President Bush went to Wall Street yesterday to exhort the keepers of public companies to act with integrity and to help restore the public's trust in the U.S. stock market. He released a 10-point plan that includes a SWAT team under the auspices of the Justice Department, stiffer penalties for those convicted of corporate fraud, confiscation of ill-gotten management gains, and an independent regulatory board to oversee accountants. Most importantly, and most difficult for anyone in a position of authority to mandate, was Bush's call for a return to integrity among our corporate leaders.
That's one of those "pro-children" kind of clarion calls. Who in his or her right mind would be opposed to greater integrity among people in whom we entrust our money?

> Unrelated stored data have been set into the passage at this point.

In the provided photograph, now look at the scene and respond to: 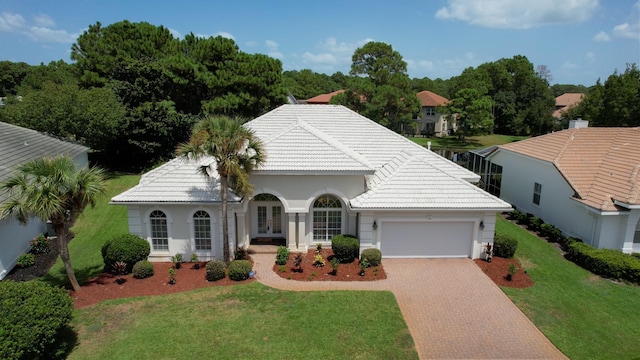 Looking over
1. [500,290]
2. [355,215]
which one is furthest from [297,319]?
[500,290]

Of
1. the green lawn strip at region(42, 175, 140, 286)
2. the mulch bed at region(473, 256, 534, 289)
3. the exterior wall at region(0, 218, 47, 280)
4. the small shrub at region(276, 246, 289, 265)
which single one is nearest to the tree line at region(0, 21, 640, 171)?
the green lawn strip at region(42, 175, 140, 286)

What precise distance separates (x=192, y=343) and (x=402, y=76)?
137ft

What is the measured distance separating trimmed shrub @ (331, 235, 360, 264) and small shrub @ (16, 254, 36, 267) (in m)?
13.2

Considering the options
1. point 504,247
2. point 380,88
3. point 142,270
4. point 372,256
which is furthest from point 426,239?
point 380,88

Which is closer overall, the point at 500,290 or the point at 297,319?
the point at 297,319

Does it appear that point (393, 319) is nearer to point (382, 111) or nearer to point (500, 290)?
point (500, 290)

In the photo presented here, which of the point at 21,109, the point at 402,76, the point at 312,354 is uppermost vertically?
the point at 402,76

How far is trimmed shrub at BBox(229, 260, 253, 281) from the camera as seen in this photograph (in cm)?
1557

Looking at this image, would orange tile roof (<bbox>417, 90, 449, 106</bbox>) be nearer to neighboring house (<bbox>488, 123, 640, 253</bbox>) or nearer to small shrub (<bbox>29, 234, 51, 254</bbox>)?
neighboring house (<bbox>488, 123, 640, 253</bbox>)

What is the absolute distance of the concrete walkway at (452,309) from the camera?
11641mm

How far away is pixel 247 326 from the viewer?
40.9 feet

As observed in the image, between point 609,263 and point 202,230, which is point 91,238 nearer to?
point 202,230

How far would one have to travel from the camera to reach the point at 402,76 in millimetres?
46844

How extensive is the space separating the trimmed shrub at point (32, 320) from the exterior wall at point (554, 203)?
21254 millimetres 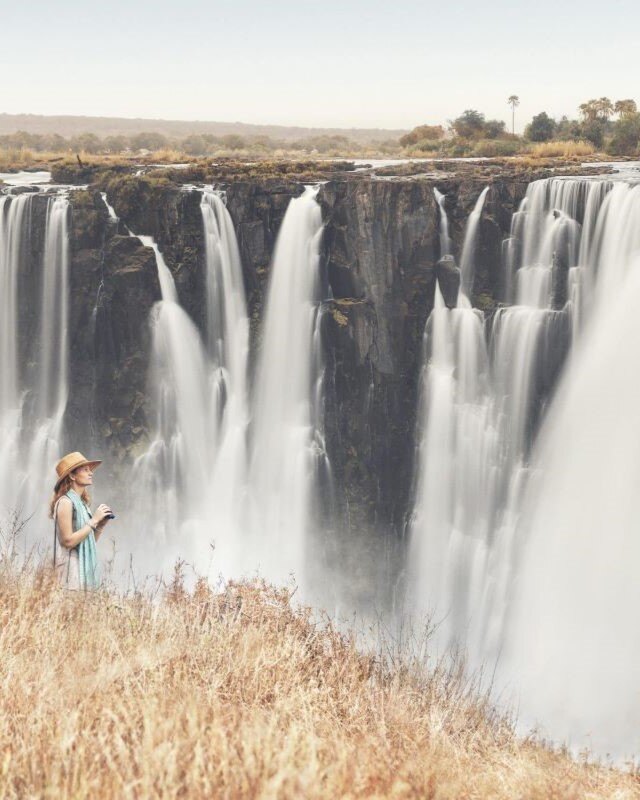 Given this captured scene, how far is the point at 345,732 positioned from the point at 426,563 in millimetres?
15022

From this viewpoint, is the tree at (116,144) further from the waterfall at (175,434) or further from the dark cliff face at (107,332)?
the waterfall at (175,434)

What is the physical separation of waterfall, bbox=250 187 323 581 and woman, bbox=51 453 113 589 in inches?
567

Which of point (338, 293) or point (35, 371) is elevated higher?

I was both heartened and a little dismayed by this speech. Bush made the correct stand: Companies gaming the system of public disclosure are destroying the stock market. He was also correct that this has been developing for a while. Who knew that a good part of the vaunted "eight years of prosperity" from the previous administration were due to accounting gimmicks? And now we all pay the piper for the sin of not paying attention to details when the times were great.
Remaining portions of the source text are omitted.